Cigar City League
Creating a Rivalry: The Trolley Car's Contribution to Baseball
Professional and quasi-professional leagues and teams originated in the 19th century. Early teams, such as the Tampa Greys, represented the entire city. With the completion of the Fortune Street Bridge in February 1893, local organizers began on using neighborhood teams for inter-city baseball leagues. This bridge and the establishment of the trolley streetcar system linked Ybor City with West Tampa. Because the streetcars allowed for greater travel, teams could play in either centralized locations or in different neighborhoods. Prior to the bridge, it was difficult for people of Ybor City and West Tampa to converge at Plant Field to watch baseball games.

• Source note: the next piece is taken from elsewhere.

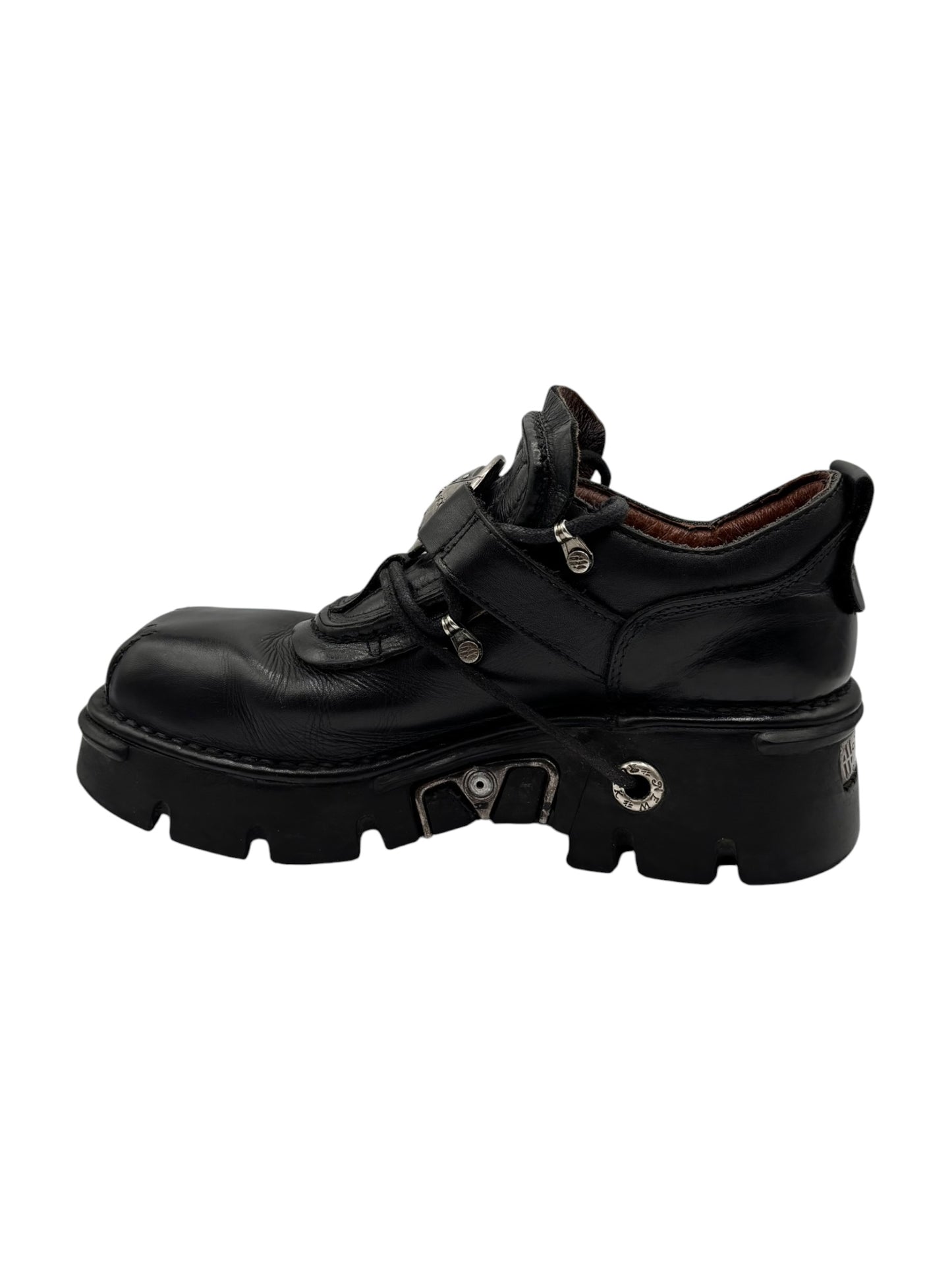 Vintage New Rock atom black leather platform boots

By 1913, with the establishment of the Cigar City League (CCL), the trolley car became an instrumental tool in the popularity and mobility of baseball.
Established by Hugh Macfarlane, Cuesta Rey, and other civic leaders, the CCL was established in 1913. Seven teams participated in this league: Cuesta-Rey, Sanchez and Haya, Knight and Wall, and the Tampa-Cuba Cigar Co represented the cigar industry while other teams represented Tampa’s transportation companies, Tampa Gas, and the Police Department. This changed in the summer of 1914 as civic leaders decided to revert to teams that identified with neighborhoods. Moreover, for the 1914 and 1915 seasons, admission to the ballgames was free.
The summer of 1915 saw one of the most competitive pennant races in the history of the city. Only two teams remained in the CCL: Ybor City Redtoppers and West Tampa Mackmen. Over the summer, the two teams played thirty times at Plant Field and both teams had each had won 15 games. The league overseers declared that a three-game-playoff would be played to determine that summer’s pennant winner.
The first game of the series was held on October 18, 1915. The Redtoppers won the first game 3-0 behind the pitching of Ronald Barze, the Kissimmee Cowboy, who struck out twelve of West Tampa’s batters. Three days later, the Mackmen defeated Ybor City by the same score, 3-0, to tie the standings once again. The West Tampa pitcher, “The Dade City Cracker” Bryant Bowden, allowed only two hits while scoring the winning run that forced a third and deciding game.
The final game of the series was held at Plant Field on Monday, October 25th. On the morning of the game, the local newspaper noted that “hundreds are expected to lay aside business cares and see the championship battle.” Bowden again pitched for the Mackmen; however, the Redtoppers turned to the services of a high school pitcher. The game began at 8:15 p.m., about one hour after sunset. Organizers decided to start the game later in the day so that cigar factory workers could watch the championship game. Ybor City jumped out to an early lead by scoring a run in the bottom of the first inning. The score stood until the top of the fourth when West Tampa scored four unearned runs. The Mackmen added four more runs, all scored due to Ybor City’s sloppy defensive play. The Redtoppers attempted to rally in the bottom of the ninth. Yet, because of the time of day at which the game was played, darkness totally fell over the stadium making it difficult to see the ball. The West Tampa Mackmen held on and won the City Pennant.